Part of the Times‘ problem is that is lacks an understanding of basic math concepts.

The Times‘ wrote,

Recent studies suggest that, globally, renewable energy will grow faster than any other energy source in the coming decades.

So it’s true that if solar (about 1 percent of U.S. electricity generation) increases to 2 percent, that would be growth of 100%. But fossil fuels (already about 70 percent of U.S. electricity generation) have no such opportunity. By virtue of its smallness, solar almost can’t help but grow faster than alternatives, especially fossil fuels.

Moreover, solar is only growing to the extent that it’s purchasers have extra cash sloshing around or can abuse other people’s money (i.e., taxpayers). Both situations are coming to a rapid end.

If the solar industry wants to survive until its technology is competitive, robust economic growth — such that people feel wealthy enough to pay for overpriced electricity — will be required.

Solar dreamers and schemers would greatly increase the odds of that by dropping their support for President Obama like a used photon.

3 thoughts on “NYTimes: DOE loan program has 'performed well'”

  1. “If the solar industry wants to survive until its technology is competitive”
    It will only survive that long, if the Federal Government subsidies it forever.

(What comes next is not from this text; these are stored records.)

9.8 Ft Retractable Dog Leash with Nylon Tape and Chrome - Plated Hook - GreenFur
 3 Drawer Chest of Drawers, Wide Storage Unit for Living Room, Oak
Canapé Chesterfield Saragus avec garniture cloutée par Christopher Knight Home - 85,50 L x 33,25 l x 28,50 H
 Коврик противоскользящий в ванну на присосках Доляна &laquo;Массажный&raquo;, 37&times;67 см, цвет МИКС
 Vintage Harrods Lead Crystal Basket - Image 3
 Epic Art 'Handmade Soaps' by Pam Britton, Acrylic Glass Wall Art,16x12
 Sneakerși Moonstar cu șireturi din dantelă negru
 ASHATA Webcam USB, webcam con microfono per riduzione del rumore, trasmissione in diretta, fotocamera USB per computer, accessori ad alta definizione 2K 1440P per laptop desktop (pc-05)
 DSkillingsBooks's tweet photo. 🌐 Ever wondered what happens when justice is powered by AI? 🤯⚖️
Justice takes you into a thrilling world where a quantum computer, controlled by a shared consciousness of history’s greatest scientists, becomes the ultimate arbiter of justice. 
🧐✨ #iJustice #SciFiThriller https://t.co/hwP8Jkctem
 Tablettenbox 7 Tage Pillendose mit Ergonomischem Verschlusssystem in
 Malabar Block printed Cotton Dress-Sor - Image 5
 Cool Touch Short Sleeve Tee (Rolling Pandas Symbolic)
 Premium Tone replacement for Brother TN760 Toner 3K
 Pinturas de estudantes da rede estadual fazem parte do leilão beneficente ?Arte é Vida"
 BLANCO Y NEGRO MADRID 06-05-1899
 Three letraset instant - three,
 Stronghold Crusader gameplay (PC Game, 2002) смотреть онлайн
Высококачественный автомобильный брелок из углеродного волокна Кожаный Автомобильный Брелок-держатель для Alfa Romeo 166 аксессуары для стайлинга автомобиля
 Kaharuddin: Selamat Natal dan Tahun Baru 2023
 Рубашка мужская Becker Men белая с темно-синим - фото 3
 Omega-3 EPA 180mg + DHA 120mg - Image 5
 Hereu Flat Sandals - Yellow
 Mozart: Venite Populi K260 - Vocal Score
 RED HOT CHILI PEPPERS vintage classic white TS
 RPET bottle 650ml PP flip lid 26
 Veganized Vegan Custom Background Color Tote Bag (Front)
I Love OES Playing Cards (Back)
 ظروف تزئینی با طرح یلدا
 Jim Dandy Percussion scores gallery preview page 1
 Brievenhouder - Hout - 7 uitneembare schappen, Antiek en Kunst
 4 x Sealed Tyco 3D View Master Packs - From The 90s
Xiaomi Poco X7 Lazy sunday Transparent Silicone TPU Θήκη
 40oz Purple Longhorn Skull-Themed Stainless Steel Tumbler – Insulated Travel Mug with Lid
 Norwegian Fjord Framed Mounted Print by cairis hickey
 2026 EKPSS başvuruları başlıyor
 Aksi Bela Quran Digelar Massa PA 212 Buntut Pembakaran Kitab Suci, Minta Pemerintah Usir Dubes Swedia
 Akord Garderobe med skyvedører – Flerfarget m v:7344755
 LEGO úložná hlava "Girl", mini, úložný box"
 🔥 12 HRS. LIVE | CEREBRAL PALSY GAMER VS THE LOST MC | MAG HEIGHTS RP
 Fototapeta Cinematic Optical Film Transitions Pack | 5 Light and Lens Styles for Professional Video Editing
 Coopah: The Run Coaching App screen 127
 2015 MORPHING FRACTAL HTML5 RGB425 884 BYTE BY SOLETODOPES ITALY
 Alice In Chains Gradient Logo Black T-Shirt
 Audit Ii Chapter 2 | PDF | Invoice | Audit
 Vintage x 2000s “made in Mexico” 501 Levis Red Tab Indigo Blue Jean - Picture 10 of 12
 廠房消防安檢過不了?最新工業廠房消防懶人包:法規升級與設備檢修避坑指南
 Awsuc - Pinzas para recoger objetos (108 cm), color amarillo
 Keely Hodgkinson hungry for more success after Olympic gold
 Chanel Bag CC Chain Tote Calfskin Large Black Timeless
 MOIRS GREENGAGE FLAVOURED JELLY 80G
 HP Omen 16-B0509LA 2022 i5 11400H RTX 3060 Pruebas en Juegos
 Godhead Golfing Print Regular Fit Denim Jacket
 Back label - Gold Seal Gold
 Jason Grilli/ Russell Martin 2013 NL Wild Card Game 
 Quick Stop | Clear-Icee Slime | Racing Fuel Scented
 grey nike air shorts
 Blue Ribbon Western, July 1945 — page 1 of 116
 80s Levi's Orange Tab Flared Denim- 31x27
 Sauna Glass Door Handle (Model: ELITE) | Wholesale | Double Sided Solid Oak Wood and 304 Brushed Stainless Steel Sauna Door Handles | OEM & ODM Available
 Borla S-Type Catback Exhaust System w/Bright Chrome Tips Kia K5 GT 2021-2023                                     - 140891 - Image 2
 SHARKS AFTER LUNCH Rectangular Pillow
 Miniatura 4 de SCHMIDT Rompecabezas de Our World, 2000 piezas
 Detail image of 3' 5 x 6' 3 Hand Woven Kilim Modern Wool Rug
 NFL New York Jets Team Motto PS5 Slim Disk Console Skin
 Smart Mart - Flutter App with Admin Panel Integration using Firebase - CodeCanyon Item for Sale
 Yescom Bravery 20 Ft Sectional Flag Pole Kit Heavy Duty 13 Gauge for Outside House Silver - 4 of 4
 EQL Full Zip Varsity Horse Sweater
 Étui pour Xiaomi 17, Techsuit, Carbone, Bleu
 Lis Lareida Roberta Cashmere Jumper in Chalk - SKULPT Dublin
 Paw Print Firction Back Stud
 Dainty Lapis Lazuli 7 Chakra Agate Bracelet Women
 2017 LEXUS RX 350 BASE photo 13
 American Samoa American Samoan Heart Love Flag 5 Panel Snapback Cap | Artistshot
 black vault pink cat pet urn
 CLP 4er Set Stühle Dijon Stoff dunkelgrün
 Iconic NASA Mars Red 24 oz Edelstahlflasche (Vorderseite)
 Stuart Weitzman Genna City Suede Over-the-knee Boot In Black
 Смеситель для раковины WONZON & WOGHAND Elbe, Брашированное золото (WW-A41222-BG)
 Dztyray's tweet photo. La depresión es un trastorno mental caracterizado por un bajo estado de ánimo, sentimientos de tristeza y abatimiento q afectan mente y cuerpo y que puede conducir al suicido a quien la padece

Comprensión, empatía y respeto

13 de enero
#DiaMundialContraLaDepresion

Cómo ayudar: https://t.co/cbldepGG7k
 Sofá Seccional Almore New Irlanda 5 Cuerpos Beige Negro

  2. According to the Times editorial, then I can conclude that it is not enough for the government to both mandate and subsidize auto production raising the cost of transportation while also decreasing the utility available from those cost increases, the economic operation is still so flawed that it is necessary to subsidize the component industries as well. All in the name of $5 million jobs that disappear immediately if the government should ever stop wasting money on this. Capricious, fictitious, and malicious. As a cr*p sandwich, it’s super delicious.